*** Block opens ***

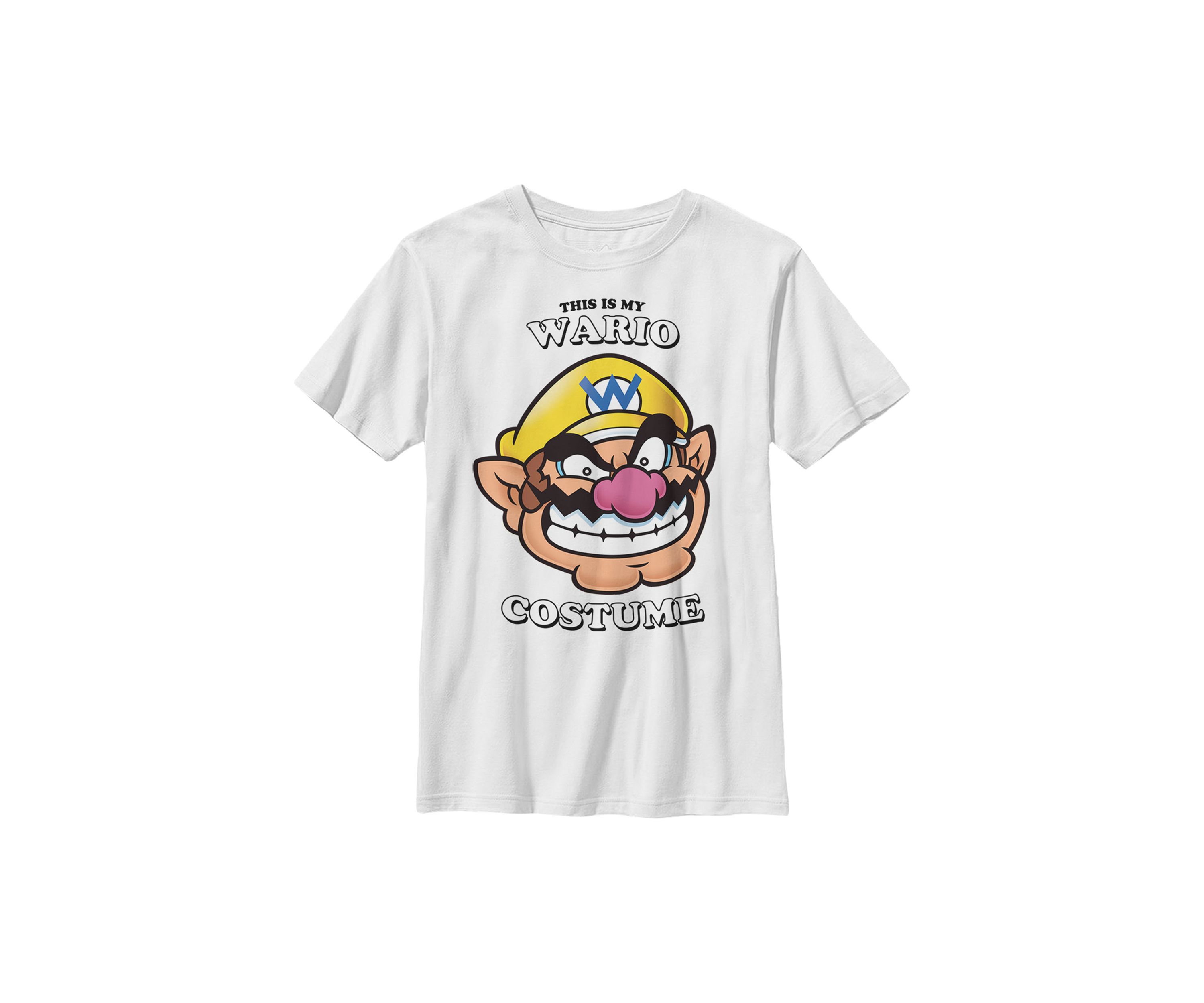 Boys 4-7 Wario Face Graphic T-Shirt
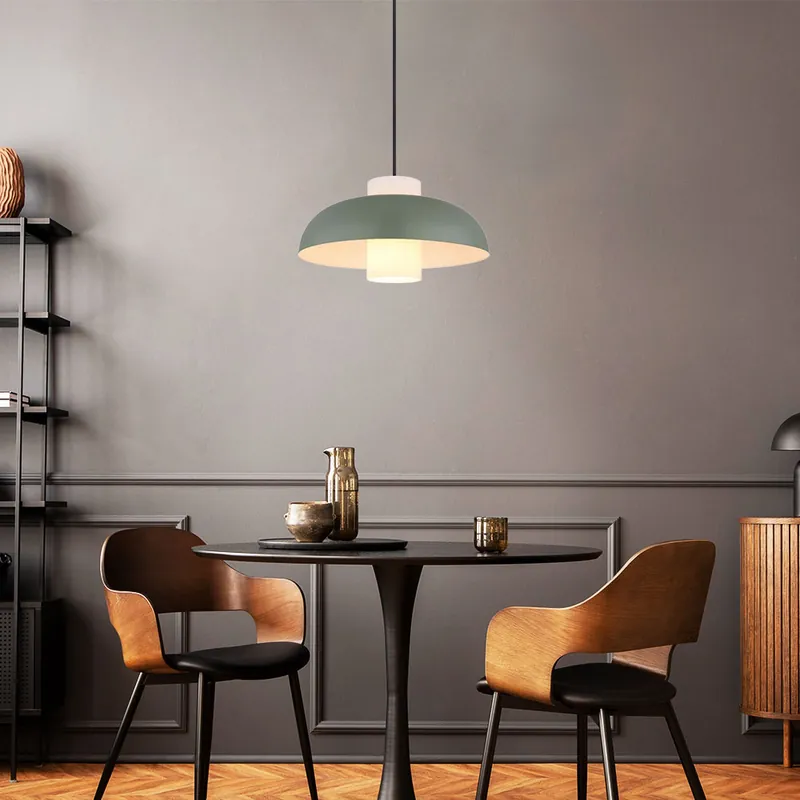 Hanglamp, glas, opaal, groen, D 38 cm Hoge Kwaliteit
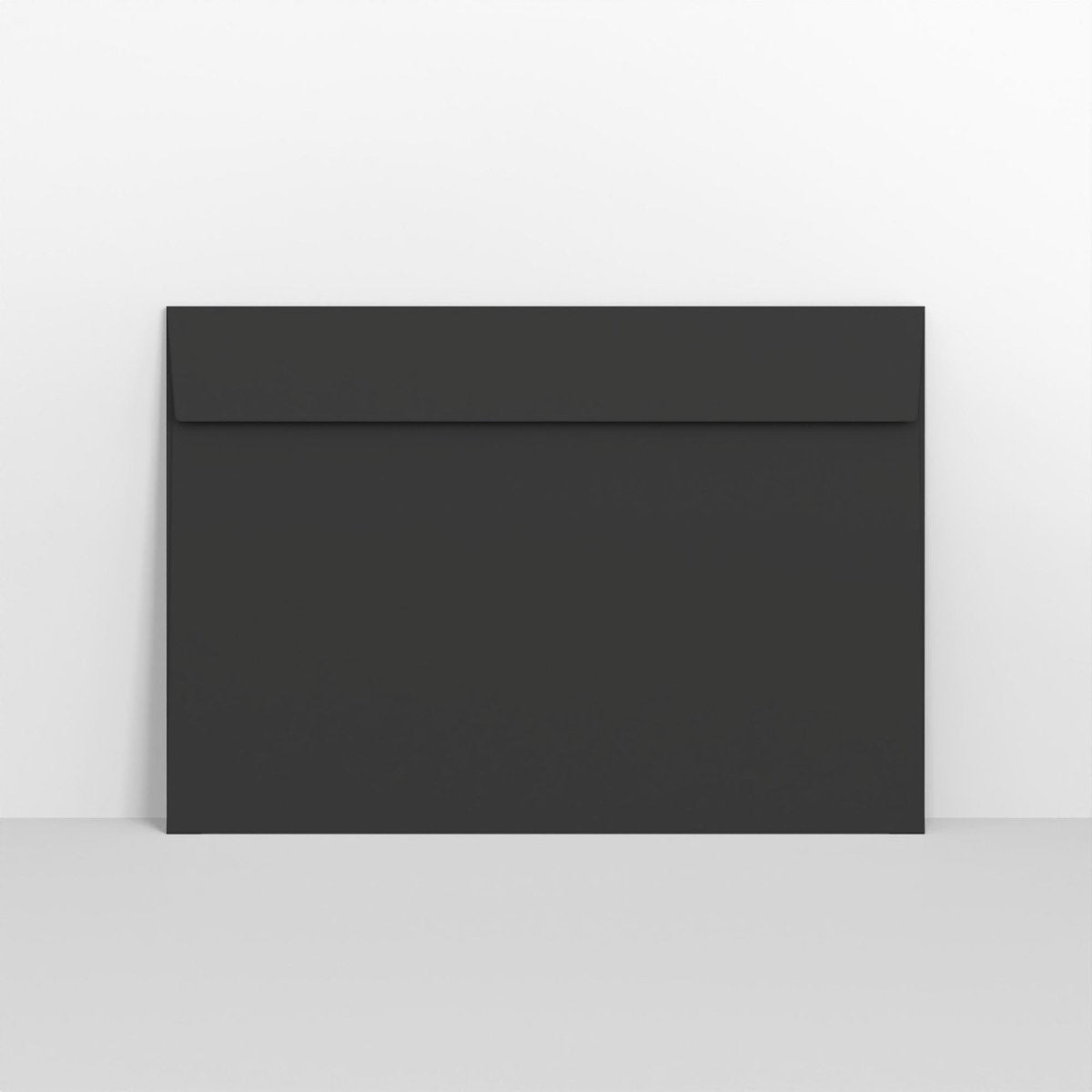 Black Coloured Peel and Seal Envelopes - Without Window C4 - 229 x 324mm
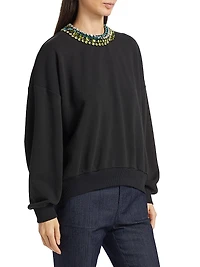 Brandy Embellished Collar Sweatshirt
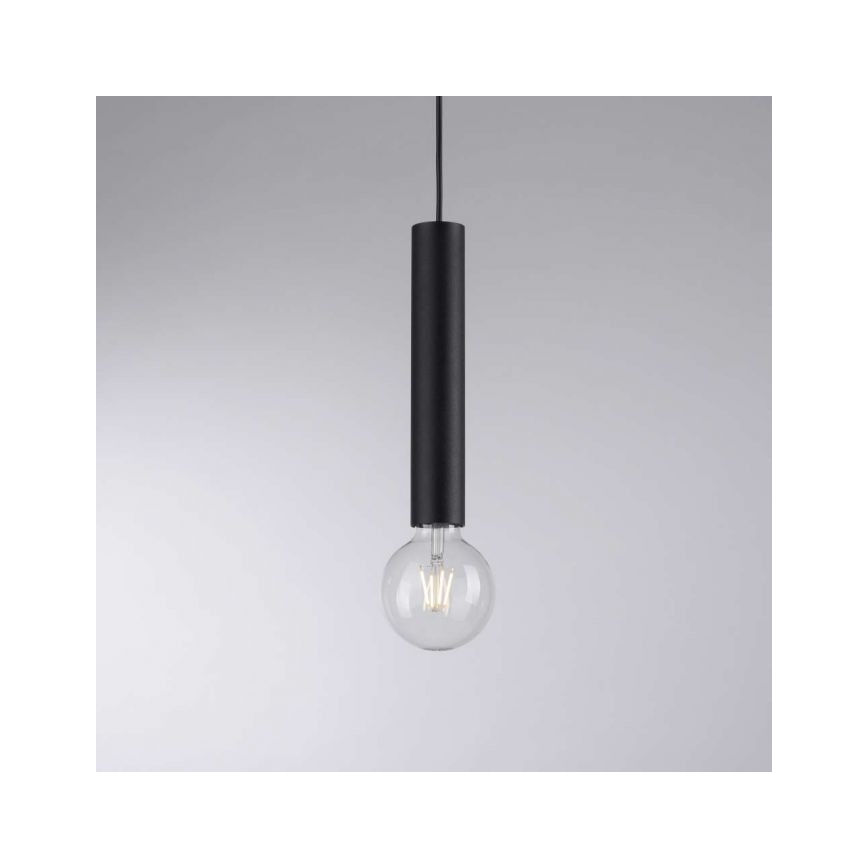 Leuchten Direkt 15617-18 - Żyrandol na lince BRUNA 1xE27/60W/230V czarny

*** Block closes ***

__Problem details__. Your copy must consist solely of the lines from the one containing "Hanglamp, glas, opaal, groen, D" through the final line of the material above, transcribed exactly, with the pictures left out.

__Task output__.
 Hanglamp, glas, opaal, groen, D 38 cm Hoge Kwaliteit
 Black Coloured Peel and Seal Envelopes - Without Window C4 - 229 x 324mm
 Brandy Embellished Collar Sweatshirt
 Leuchten Direkt 15617-18 - Żyrandol na lince BRUNA 1xE27/60W/230V czarny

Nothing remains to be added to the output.